Emotions, Communities, and Difference in Medieval Europe PDF Author: Maureen C. Miller
Publisher: Taylor & Francis
ISBN: 131714452X
Category : History
Languages : en
Pages : 224

Book Description
This book of eleven essays by an international group of scholars in medieval studies honors the work of Barbara H. Rosenwein, Professor emerita of History at Loyola University Chicago. Part I, “Emotions and Communities,” comprises six essays that make use of Rosenwein’s well-known and widely influential work on the history of emotions and what Rosenwein has called “emotional communities.” These essays employ a wide variety of source material such as chronicles, monastic records, painting, music theory, and religious practice to elucidate emotional commonalities among the medieval people who experienced them. The five essays in Part II, “Communities and Difference,” explore different kinds of communities and have difference as their primary theme: difference between the poor and the unfree, between power as wielded by rulers or the clergy, between the western Mediterranean region and the rest of Europe, and between a supposedly great king and lesser ones.

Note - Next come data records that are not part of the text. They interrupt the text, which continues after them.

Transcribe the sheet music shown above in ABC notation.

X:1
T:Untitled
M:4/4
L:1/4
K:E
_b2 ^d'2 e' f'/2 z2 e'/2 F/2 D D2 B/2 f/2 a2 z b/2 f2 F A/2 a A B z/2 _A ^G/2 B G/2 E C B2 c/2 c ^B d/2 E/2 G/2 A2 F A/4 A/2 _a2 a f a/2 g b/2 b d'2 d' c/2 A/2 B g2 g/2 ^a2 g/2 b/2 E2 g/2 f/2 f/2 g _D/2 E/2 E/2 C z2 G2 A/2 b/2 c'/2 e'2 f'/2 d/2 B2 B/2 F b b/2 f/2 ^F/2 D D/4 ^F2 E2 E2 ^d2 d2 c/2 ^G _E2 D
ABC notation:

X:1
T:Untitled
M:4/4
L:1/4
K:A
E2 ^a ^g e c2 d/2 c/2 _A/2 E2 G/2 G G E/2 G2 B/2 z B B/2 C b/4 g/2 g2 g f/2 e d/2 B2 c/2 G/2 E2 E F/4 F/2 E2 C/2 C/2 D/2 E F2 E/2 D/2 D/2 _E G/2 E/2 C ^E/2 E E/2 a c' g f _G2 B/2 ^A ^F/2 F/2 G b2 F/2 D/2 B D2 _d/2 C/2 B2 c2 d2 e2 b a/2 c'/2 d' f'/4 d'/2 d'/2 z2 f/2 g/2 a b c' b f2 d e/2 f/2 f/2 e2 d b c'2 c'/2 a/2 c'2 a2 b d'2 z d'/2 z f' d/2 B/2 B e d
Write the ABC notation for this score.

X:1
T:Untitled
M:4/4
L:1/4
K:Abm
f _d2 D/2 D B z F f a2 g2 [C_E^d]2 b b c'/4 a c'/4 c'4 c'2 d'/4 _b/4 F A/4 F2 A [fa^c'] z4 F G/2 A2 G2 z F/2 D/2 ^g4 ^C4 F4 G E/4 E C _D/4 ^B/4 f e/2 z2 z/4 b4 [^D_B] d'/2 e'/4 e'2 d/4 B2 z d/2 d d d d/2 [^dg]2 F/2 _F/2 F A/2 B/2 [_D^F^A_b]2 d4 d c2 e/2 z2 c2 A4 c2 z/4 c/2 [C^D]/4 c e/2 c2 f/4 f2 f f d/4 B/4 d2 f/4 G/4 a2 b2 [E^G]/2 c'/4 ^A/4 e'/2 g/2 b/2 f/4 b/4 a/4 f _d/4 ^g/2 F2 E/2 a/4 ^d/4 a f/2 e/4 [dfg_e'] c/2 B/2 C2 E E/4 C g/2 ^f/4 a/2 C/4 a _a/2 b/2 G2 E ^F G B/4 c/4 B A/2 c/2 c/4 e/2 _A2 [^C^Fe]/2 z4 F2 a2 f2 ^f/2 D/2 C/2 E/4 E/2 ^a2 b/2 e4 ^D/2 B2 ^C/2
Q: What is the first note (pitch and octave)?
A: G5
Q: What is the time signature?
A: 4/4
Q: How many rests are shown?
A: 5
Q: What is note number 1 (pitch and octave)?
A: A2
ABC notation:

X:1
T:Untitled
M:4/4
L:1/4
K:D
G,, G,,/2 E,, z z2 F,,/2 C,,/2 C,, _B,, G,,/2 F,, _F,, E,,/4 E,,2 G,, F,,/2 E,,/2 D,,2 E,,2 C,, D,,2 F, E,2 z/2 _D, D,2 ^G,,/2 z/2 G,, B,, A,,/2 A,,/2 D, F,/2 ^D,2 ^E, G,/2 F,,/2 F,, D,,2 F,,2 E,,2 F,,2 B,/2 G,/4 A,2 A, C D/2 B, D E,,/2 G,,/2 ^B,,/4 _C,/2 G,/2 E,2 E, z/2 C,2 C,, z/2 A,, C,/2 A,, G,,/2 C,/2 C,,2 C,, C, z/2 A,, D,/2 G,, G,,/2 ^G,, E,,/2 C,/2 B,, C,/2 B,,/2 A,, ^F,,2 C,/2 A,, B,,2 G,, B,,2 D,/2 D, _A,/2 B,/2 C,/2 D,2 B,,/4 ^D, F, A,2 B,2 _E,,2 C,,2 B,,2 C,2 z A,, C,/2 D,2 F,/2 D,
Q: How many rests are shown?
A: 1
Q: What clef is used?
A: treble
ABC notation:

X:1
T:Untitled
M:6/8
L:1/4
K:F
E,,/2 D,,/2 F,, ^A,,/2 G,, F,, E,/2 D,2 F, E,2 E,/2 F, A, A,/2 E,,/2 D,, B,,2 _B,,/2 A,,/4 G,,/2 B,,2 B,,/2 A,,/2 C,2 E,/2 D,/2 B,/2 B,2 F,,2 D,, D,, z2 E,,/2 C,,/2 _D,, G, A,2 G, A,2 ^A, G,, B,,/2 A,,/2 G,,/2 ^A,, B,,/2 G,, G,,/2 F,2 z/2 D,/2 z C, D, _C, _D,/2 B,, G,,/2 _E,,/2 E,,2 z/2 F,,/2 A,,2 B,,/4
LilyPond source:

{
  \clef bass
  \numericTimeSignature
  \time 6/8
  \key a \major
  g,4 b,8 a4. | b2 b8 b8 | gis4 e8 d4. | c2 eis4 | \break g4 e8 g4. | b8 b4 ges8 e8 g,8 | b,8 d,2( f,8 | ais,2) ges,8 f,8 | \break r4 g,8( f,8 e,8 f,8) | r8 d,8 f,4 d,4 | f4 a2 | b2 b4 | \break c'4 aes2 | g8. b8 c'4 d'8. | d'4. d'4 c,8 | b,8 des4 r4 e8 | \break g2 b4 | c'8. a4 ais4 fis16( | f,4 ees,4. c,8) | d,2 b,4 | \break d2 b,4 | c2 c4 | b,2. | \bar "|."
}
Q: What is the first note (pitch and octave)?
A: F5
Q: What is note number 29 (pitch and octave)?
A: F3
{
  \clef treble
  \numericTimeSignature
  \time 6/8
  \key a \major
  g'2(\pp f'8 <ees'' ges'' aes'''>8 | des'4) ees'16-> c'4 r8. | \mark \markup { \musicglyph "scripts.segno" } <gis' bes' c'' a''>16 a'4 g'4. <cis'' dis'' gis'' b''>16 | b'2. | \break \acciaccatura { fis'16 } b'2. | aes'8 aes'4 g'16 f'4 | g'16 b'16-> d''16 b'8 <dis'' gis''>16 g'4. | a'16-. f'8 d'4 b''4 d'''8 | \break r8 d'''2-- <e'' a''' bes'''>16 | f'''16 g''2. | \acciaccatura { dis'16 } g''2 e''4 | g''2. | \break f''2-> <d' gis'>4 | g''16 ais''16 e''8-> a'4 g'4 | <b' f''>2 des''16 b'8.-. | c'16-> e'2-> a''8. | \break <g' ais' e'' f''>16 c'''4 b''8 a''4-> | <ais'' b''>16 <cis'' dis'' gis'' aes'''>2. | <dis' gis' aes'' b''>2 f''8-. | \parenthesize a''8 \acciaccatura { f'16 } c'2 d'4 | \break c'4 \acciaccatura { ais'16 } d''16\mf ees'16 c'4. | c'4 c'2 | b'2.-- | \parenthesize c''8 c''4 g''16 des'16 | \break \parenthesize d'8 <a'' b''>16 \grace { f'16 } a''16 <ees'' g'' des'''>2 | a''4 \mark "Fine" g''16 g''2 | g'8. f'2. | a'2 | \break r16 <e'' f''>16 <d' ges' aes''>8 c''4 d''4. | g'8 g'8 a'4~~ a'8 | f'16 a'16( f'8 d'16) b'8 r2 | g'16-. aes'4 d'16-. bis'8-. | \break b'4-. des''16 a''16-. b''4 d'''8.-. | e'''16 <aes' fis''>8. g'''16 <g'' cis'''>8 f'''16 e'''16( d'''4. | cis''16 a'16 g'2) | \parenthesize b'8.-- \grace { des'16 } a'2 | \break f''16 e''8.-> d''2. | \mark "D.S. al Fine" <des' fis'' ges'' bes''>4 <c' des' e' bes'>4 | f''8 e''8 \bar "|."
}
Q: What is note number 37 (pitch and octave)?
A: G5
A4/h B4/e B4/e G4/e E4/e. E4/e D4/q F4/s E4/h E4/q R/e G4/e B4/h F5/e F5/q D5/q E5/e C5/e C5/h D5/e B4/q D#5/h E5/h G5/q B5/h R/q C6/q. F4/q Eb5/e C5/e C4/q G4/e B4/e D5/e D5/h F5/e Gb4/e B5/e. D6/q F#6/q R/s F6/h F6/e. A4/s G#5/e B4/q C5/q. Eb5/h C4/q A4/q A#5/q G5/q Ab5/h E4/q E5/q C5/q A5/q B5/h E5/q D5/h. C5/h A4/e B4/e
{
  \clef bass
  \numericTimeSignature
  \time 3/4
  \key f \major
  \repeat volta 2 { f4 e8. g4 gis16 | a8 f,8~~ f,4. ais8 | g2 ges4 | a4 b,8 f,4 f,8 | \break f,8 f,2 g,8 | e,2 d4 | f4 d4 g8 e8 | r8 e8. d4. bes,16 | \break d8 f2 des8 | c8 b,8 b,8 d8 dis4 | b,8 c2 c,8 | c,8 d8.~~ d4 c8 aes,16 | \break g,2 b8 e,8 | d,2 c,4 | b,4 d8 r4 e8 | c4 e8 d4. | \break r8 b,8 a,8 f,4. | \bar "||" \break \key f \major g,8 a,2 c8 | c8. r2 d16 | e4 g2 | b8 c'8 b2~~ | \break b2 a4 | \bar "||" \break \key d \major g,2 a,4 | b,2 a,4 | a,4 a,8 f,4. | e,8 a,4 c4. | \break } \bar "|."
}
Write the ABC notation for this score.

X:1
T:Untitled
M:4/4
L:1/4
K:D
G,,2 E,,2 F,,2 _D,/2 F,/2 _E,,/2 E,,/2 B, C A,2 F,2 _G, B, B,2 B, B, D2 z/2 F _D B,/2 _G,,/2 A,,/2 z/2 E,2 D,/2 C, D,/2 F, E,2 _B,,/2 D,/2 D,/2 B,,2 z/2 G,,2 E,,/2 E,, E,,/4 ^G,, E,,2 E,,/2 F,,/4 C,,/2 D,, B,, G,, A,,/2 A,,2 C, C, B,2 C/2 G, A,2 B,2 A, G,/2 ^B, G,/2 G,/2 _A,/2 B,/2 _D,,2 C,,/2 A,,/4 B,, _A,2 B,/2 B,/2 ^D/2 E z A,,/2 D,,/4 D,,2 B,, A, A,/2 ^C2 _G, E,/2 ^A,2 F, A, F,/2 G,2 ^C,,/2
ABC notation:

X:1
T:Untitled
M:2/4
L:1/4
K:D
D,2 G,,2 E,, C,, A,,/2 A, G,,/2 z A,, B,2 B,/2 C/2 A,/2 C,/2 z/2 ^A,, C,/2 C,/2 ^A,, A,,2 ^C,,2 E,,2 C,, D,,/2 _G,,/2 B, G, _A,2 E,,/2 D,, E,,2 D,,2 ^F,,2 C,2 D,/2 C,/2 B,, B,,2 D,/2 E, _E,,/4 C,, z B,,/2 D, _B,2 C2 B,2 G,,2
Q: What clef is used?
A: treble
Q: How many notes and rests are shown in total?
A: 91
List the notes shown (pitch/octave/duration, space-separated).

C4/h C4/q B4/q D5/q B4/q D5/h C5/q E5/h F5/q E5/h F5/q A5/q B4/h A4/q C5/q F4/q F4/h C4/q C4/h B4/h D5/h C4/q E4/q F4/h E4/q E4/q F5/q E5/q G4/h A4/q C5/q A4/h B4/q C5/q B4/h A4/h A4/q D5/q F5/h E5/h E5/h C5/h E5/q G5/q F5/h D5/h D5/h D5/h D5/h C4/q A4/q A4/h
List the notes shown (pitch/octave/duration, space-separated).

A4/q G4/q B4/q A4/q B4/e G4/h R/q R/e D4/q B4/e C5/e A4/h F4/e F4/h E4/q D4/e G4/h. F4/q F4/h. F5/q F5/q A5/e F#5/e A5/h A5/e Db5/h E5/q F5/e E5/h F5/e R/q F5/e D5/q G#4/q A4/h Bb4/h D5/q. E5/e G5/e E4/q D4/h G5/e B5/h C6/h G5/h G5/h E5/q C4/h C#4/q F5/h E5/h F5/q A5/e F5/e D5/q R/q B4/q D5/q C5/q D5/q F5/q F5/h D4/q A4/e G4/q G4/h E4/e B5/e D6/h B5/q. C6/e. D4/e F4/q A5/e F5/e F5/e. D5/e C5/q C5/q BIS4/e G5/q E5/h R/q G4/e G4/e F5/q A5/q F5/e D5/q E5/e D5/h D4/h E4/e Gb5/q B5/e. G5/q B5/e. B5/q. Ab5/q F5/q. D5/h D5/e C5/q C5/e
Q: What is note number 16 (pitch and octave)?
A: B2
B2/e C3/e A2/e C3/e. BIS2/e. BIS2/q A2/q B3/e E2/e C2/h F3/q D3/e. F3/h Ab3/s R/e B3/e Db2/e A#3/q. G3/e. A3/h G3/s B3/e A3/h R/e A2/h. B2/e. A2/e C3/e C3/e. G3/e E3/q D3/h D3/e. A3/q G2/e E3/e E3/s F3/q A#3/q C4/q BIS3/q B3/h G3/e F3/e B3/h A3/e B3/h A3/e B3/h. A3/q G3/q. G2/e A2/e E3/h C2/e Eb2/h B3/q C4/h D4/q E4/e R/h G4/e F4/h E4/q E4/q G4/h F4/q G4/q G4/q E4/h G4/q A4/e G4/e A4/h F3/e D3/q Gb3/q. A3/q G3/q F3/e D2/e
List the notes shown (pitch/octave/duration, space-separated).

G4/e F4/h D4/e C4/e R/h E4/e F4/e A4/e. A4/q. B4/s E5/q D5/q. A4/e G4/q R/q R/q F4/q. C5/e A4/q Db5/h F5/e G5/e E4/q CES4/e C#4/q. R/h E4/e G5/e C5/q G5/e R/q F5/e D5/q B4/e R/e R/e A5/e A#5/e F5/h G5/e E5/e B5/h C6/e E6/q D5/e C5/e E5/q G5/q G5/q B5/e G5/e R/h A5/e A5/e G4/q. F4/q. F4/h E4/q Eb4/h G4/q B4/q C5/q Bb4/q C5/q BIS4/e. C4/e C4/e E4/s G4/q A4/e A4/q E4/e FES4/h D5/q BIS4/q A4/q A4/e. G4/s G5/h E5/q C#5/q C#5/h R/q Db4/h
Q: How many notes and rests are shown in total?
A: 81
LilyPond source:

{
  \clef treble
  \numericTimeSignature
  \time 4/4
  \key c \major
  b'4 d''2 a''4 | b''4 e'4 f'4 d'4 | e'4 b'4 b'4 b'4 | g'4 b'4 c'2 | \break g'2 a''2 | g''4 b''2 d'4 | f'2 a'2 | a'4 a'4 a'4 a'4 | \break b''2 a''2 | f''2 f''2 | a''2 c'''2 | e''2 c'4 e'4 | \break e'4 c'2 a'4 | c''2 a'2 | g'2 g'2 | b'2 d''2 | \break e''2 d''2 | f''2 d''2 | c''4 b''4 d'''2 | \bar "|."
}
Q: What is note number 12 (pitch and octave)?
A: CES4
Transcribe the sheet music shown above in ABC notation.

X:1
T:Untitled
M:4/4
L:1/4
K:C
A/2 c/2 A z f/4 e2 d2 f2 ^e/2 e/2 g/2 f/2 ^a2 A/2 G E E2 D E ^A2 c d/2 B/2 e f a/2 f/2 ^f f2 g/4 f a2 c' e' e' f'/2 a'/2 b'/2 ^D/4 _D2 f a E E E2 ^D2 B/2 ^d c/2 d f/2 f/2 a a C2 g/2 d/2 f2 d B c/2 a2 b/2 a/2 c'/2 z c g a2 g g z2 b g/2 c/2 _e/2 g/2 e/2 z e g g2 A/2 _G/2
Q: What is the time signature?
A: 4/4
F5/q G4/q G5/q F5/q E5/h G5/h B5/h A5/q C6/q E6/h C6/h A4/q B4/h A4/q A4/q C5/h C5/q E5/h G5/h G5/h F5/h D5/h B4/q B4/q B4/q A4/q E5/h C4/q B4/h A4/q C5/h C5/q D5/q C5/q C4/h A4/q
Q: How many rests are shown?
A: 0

A Cultural History of Women in the Middle Ages

A Cultural History of Women in the Middle Ages PDF Author: Kim M. Phillips
Publisher: Bloomsbury Publishing
ISBN: 1350995827
Category : History
Languages : en
Pages : 346

Book Description
The medieval era has been described as 'the Age of Chivalry' and 'the Age of Faith' but also as 'the Dark Ages'. Medieval women have often been viewed as subject to a punishing misogyny which limited their legal rights and economic activities, but some scholars have claimed they enjoyed a 'rough and ready equality' with men. The contrasting figures of Eve and the Virgin Mary loom over historians' interpretations of the period 1000-1500. Yet a wealth of recent historiography goes behind these conventional motifs, showing how medieval women's lives were shaped by status, age, life-stage, geography and religion as well as by gender. A Cultural History of Women in the Middle Ages presents essays on medieval women's life cycle, bodies and sexuality, religion and popular beliefs, medicine and disease, public and private realms, education and work, power, and artistic representation to illustrate the diversity of medieval women's lives and constructions of femininity.